Preparing to farm seaweed is not a process that happens overnight– first potential farmers need to take into account multiple factors including: 

  • What type of seaweed are you going to grow?
  • What are the ecological needs of this seaweed species? 
  • Where do you plan to establish the farm? 
  • Is your farm site appropriate for cultivating your seaweed of choice? 
  • What is your farm going to look like? 
  • How are you going to get the seaweed to start your farm?
  • And what will you do with your seaweed once it is harvested? 

In this unit, we start by considering important biological, environmental, social, and economic factors for selecting a seaweed species and farm site in Maine. This context behind species and site selection are key pieces of information for people aspiring to be successful seaweed farmers. While some things may seem obvious– like choosing to farm a seaweed that people have already developed cultivation strategies/technologies for– being able to justify your decision making around species and site selection can help you during the lease application process or when explaining your business to people outside the aquaculture industry. 

Once we’ve established an understanding of which seaweed you’re cultivating and where you’re growing it, we’ll dive into the next order of business: figuring out how to get the seaweed ‘seed’Juvenile seaweed sporophytes. for your farm.

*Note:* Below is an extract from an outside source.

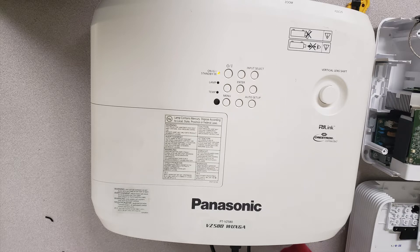Hey guys, Dalton with Jaspertronics here, and today we're going to be looking at this Panasonic PT-VZ580. We're going to be popping the top cover off of this so we can get a look at the insides, make sure everything's clean, and get it all taken care of. So let's get started.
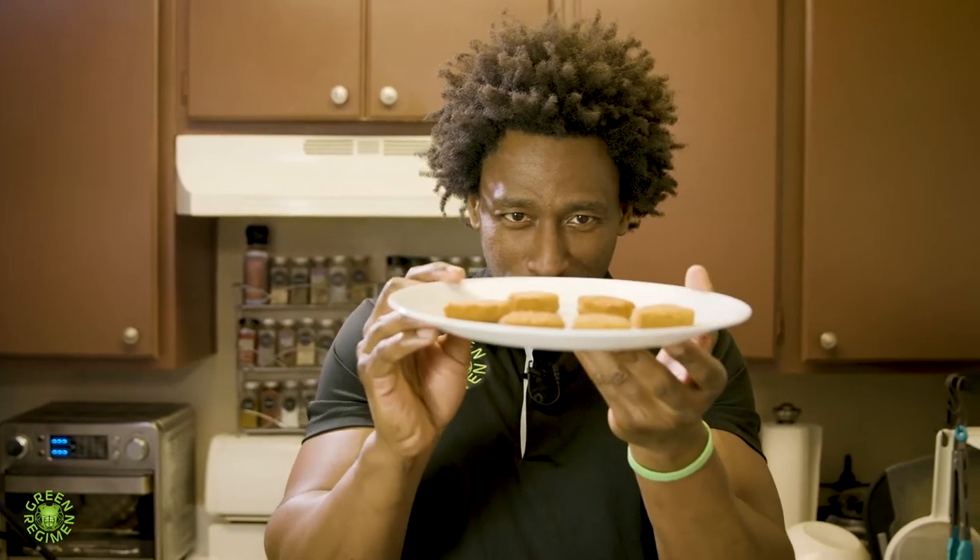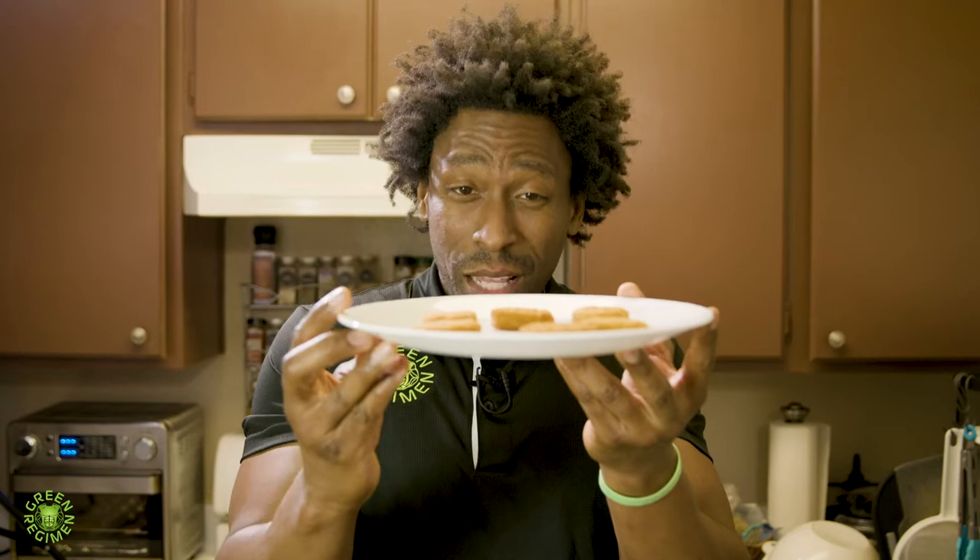These Impossible chicken nuggets — I don't know if you can see as clearly as I can — but they look just like regular chicken nuggets. From the visual appearance alone, there's no way in the world I can tell that these are made of plants, like no way at all. Impossible is definitely known for their products tasting just like the animal equivalent, so I'm really curious about how these taste. Let's give it a try.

At this point, we’ll explore seaweed reproduction and why juvenile seaweeds tend to be grown in laboratory (or nursery) settings. Then we’ll get an overview of what actually happens in a sugar kelp seaweed nursery. 

Image credit: BBC

NOTE: Before we get too ‘in the weeds,’ you should understand that the modules on this website are learning resources, NOT manuals; by the end of this unit you’ll know a lot more about what goes into growing seaweed in the nursery, but you would still need additional guidance and technical skills to successfully grow juvenile seaweed yourself.